=== Source records ===
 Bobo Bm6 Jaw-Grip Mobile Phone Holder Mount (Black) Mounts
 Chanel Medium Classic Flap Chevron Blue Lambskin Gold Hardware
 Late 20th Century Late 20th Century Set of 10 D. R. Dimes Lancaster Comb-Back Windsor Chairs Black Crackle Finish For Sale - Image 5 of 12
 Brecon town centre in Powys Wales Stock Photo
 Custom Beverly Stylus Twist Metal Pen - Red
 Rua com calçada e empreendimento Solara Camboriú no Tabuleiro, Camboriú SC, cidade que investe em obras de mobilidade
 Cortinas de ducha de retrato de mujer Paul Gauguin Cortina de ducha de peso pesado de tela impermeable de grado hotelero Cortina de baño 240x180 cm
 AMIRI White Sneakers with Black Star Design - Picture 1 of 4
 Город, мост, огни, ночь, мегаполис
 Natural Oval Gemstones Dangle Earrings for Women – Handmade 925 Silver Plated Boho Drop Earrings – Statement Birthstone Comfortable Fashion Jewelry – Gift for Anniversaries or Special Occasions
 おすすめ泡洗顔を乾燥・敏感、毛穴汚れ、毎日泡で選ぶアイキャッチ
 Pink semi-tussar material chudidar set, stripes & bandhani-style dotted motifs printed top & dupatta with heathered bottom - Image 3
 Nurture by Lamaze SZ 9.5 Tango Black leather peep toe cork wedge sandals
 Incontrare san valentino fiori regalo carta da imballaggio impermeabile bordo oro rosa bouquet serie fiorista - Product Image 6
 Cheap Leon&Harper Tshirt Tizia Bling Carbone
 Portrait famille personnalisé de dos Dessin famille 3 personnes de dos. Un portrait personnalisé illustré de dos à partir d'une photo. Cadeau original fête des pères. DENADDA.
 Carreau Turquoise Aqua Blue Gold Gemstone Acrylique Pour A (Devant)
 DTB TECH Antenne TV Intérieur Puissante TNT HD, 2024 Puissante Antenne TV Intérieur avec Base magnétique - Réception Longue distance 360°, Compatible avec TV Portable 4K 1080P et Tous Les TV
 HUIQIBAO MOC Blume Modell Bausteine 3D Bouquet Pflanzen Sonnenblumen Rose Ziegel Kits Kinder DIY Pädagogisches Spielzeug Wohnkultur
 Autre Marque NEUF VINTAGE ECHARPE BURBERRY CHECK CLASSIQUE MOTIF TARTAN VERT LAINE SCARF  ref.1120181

=== EXERCISE GOAL ===
From the data above, copy each line exactly.

=== ANSWER TO THE PROBLEM ===
 Bobo Bm6 Jaw-Grip Mobile Phone Holder Mount (Black) Mounts
 Chanel Medium Classic Flap Chevron Blue Lambskin Gold Hardware
 Late 20th Century Late 20th Century Set of 10 D. R. Dimes Lancaster Comb-Back Windsor Chairs Black Crackle Finish For Sale - Image 5 of 12
 Brecon town centre in Powys Wales Stock Photo
 Custom Beverly Stylus Twist Metal Pen - Red
 Rua com calçada e empreendimento Solara Camboriú no Tabuleiro, Camboriú SC, cidade que investe em obras de mobilidade
 Cortinas de ducha de retrato de mujer Paul Gauguin Cortina de ducha de peso pesado de tela impermeable de grado hotelero Cortina de baño 240x180 cm
 AMIRI White Sneakers with Black Star Design - Picture 1 of 4
 Город, мост, огни, ночь, мегаполис
 Natural Oval Gemstones Dangle Earrings for Women – Handmade 925 Silver Plated Boho Drop Earrings – Statement Birthstone Comfortable Fashion Jewelry – Gift for Anniversaries or Special Occasions
 おすすめ泡洗顔を乾燥・敏感、毛穴汚れ、毎日泡で選ぶアイキャッチ
 Pink semi-tussar material chudidar set, stripes & bandhani-style dotted motifs printed top & dupatta with heathered bottom - Image 3
 Nurture by Lamaze SZ 9.5 Tango Black leather peep toe cork wedge sandals
 Incontrare san valentino fiori regalo carta da imballaggio impermeabile bordo oro rosa bouquet serie fiorista - Product Image 6
 Cheap Leon&Harper Tshirt Tizia Bling Carbone
 Portrait famille personnalisé de dos Dessin famille 3 personnes de dos. Un portrait personnalisé illustré de dos à partir d'une photo. Cadeau original fête des pères. DENADDA.
 Carreau Turquoise Aqua Blue Gold Gemstone Acrylique Pour A (Devant)
 DTB TECH Antenne TV Intérieur Puissante TNT HD, 2024 Puissante Antenne TV Intérieur avec Base magnétique - Réception Longue distance 360°, Compatible avec TV Portable 4K 1080P et Tous Les TV
 HUIQIBAO MOC Blume Modell Bausteine 3D Bouquet Pflanzen Sonnenblumen Rose Ziegel Kits Kinder DIY Pädagogisches Spielzeug Wohnkultur
 Autre Marque NEUF VINTAGE ECHARPE BURBERRY CHECK CLASSIQUE MOTIF TARTAN VERT LAINE SCARF  ref.1120181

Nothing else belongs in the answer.